In the entries below, find the line with "16414 6th Avenue" and transcribe it and every line after it exactly, through the last line, without pictures.

•••

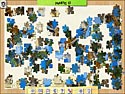Jigsaw Boom screenshot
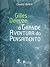Gilles Deleuze: A Grande Aventura do Pensamento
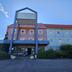 Gebäude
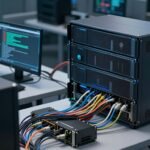 Advertencias de amenaza de la inteligencia artificial Advertencias de amenaza de la inteligencia artificial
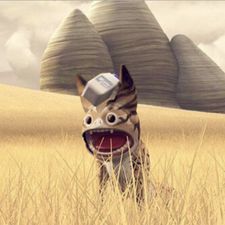 Profile image of Lothcat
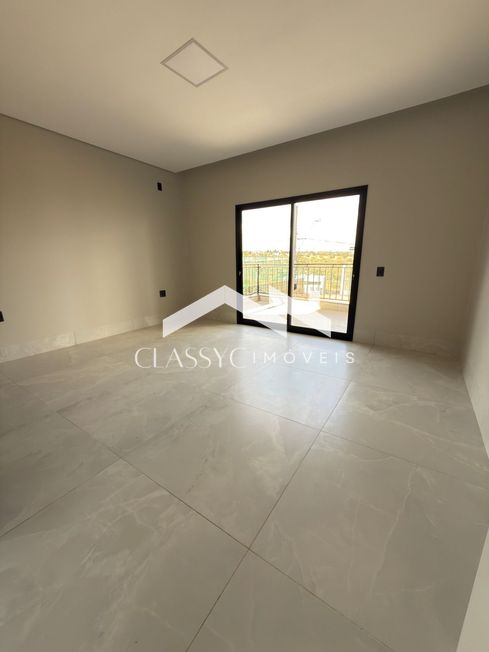 Casa em condomínio_Venda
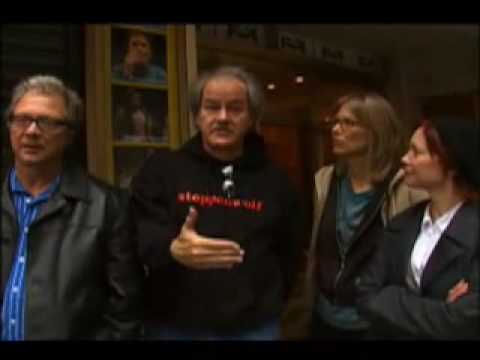 "August: Osage County" on Broadway - ...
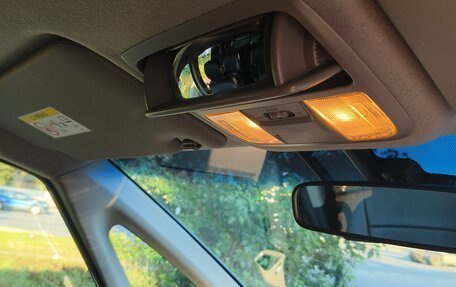 Honda Stepwgn IV, 2018 год, 2 500 000 рублей, 13 фотография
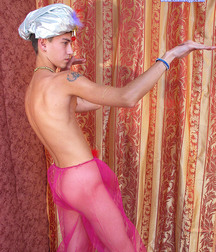 Uploaded by:lakritz 5990ddee40e2b.jpg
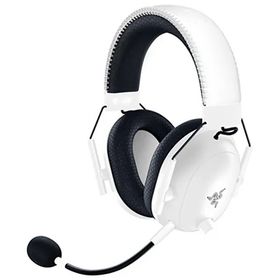 Razer ヘッドセット BlackShark V2 Pro (アップグレードモデル) RZ04-04530200-R3M1 [White]
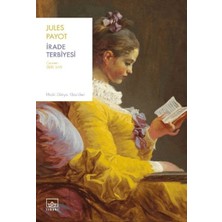 Siv Ticaret Irade Terbiyesi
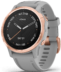 watch image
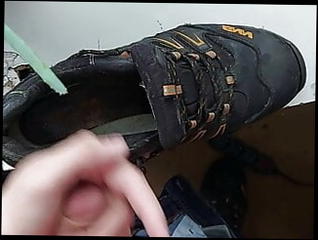 Video 1575033651: gay masturbation cum, amateur masturbating cumming, friend masturbating cumming, bf cum, amateur masturbation hd, shoes cum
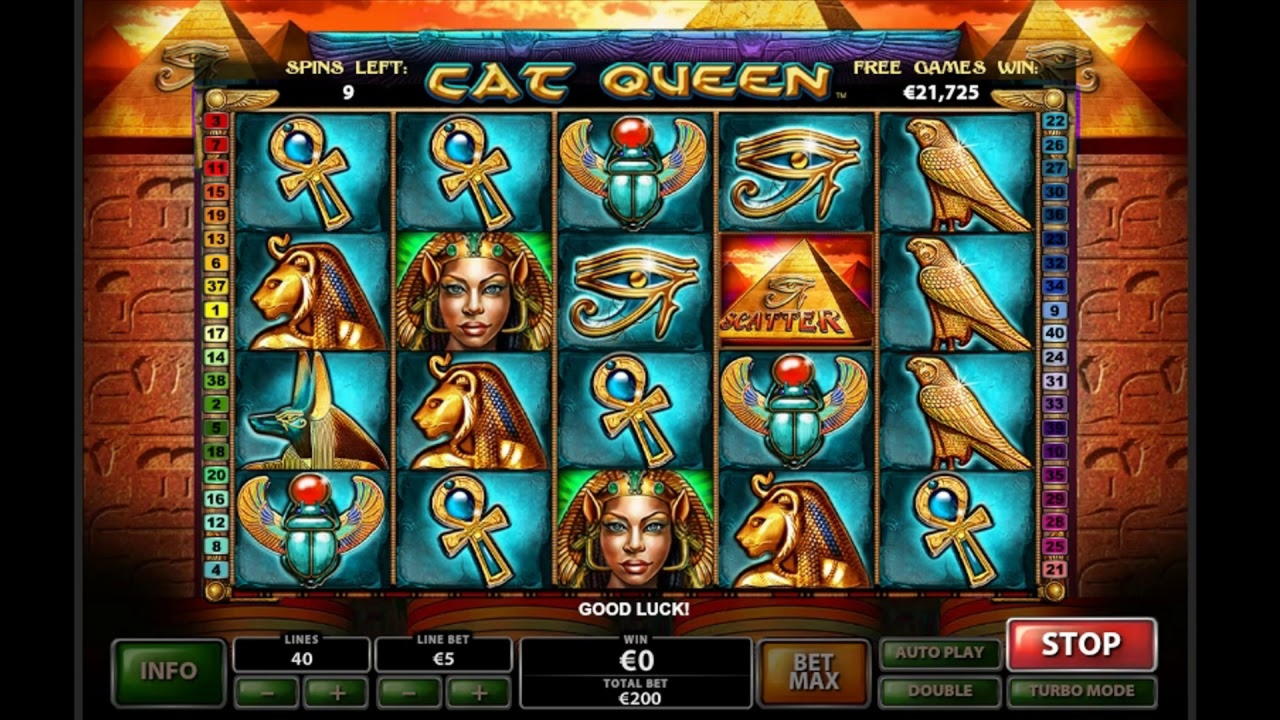 EURO 325 Online Casino Tournament at Slots Billion Casino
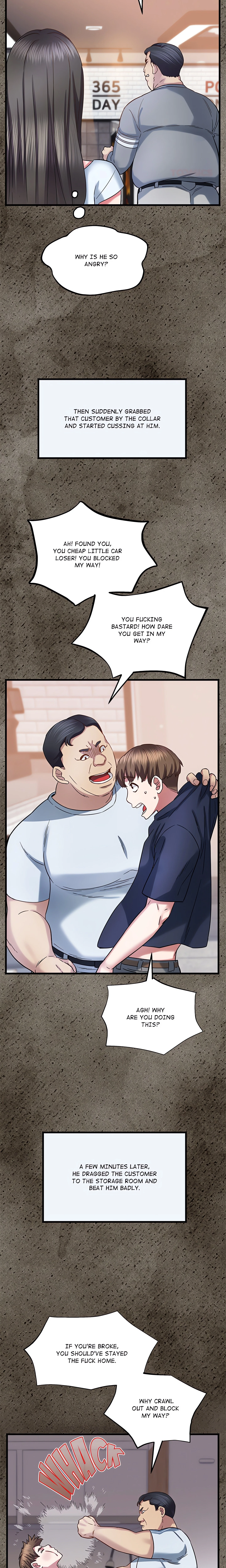 Chapter 17, page 8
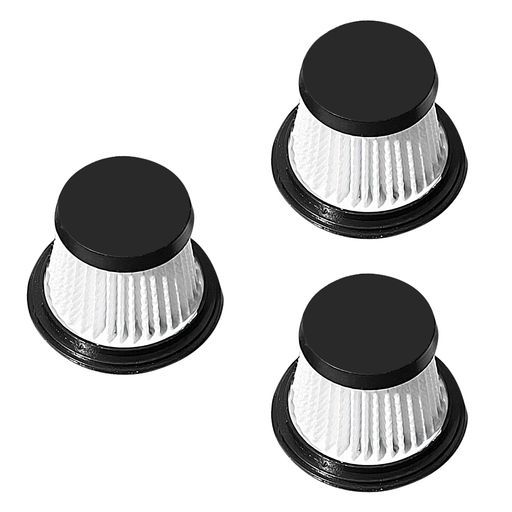 専用ページになります。 専用ページ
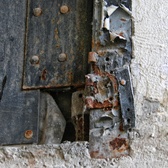 Enlarge photo 218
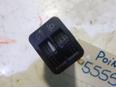 Кнопка корректора фар для VW Pointer/Golf BR 2004-2009;Golf IV/Bora 1997-2005;New Beetle 1998-2010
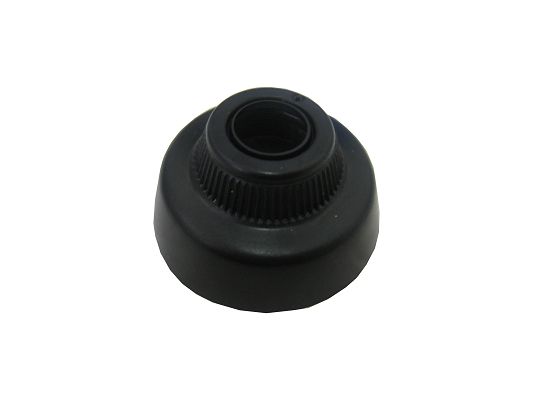 SWF 910935 Kappe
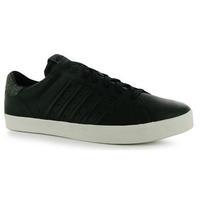 k swiss belmont court trainers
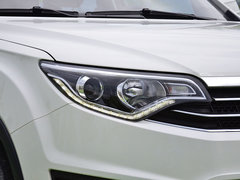 2016款 1.6L 尊贵型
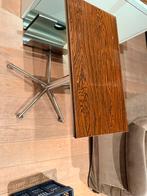 Tafel, Ophalen, Zo goed als nieuw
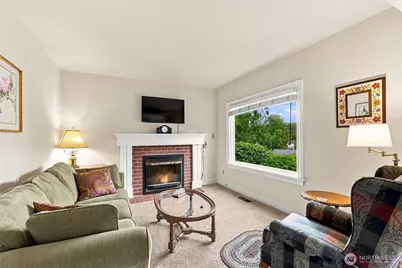 16414 6th Avenue SW, Burien, WA 98166 - Photo 6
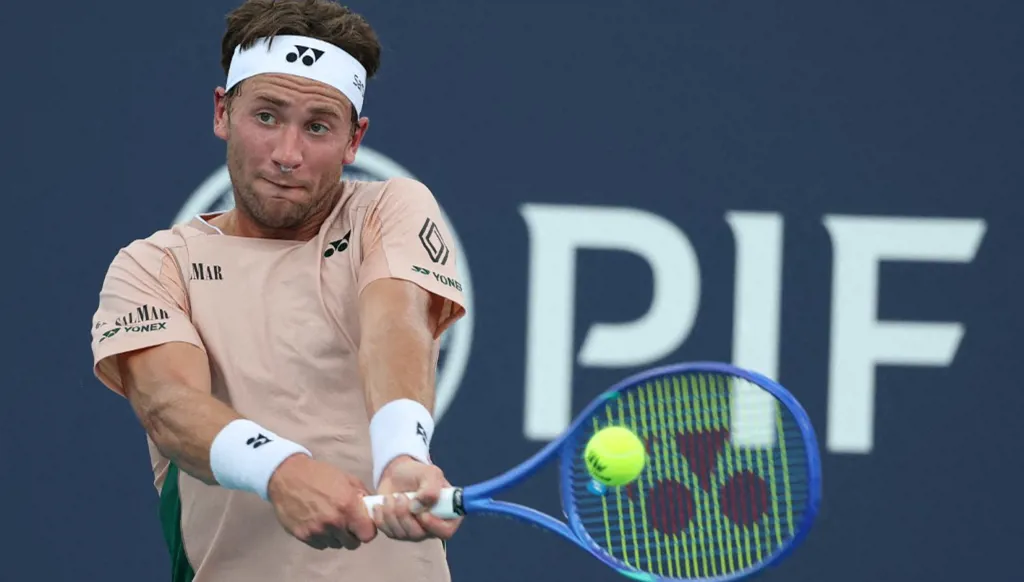 رود ينضم للمطالبين بتحسين عائدات اللاعبين في البطولات الكبرى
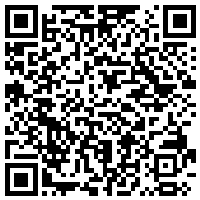 QR Code for bitcoin:bitcoin:bitcoin:bitcoin:bitcoin:bitcoin:dash:XxjFy1RCRZB7m2RonU29UXBANKuGrBn2Lr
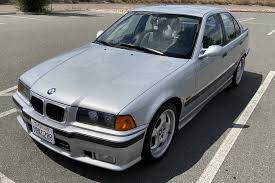 Image result for Arctic Silver 1997 BMW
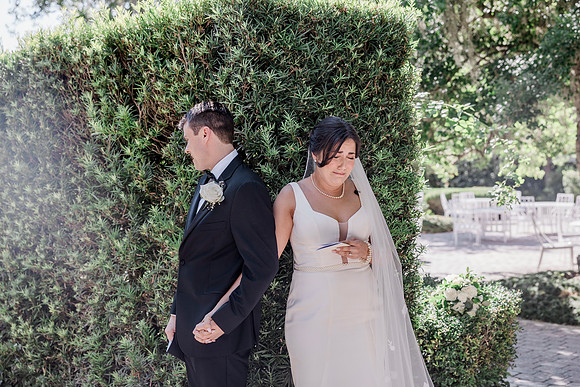 risinglotusphotographywedding-504
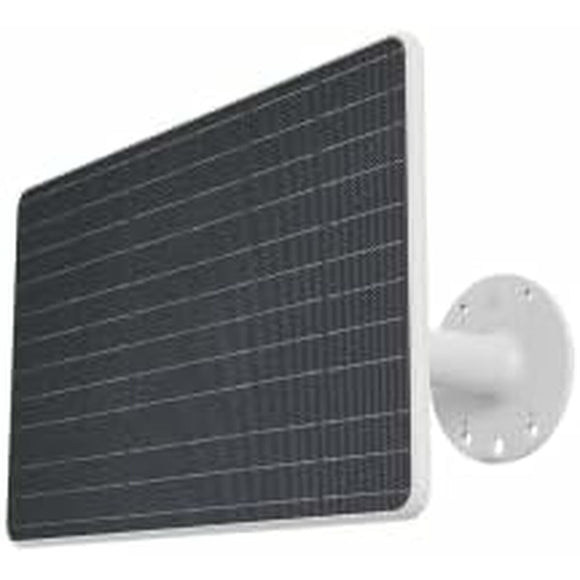 Photovoltaic solar panel Ezviz 12 W-10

•••

### RESULT FOR THIS TASK
 16414 6th Avenue SW, Burien, WA 98166 - Photo 6
 رود ينضم للمطالبين بتحسين عائدات اللاعبين في البطولات الكبرى
 QR Code for bitcoin:bitcoin:bitcoin:bitcoin:bitcoin:bitcoin:dash:XxjFy1RCRZB7m2RonU29UXBANKuGrBn2Lr
 Image result for Arctic Silver 1997 BMW
 risinglotusphotographywedding-504
 Photovoltaic solar panel Ezviz 12 W-10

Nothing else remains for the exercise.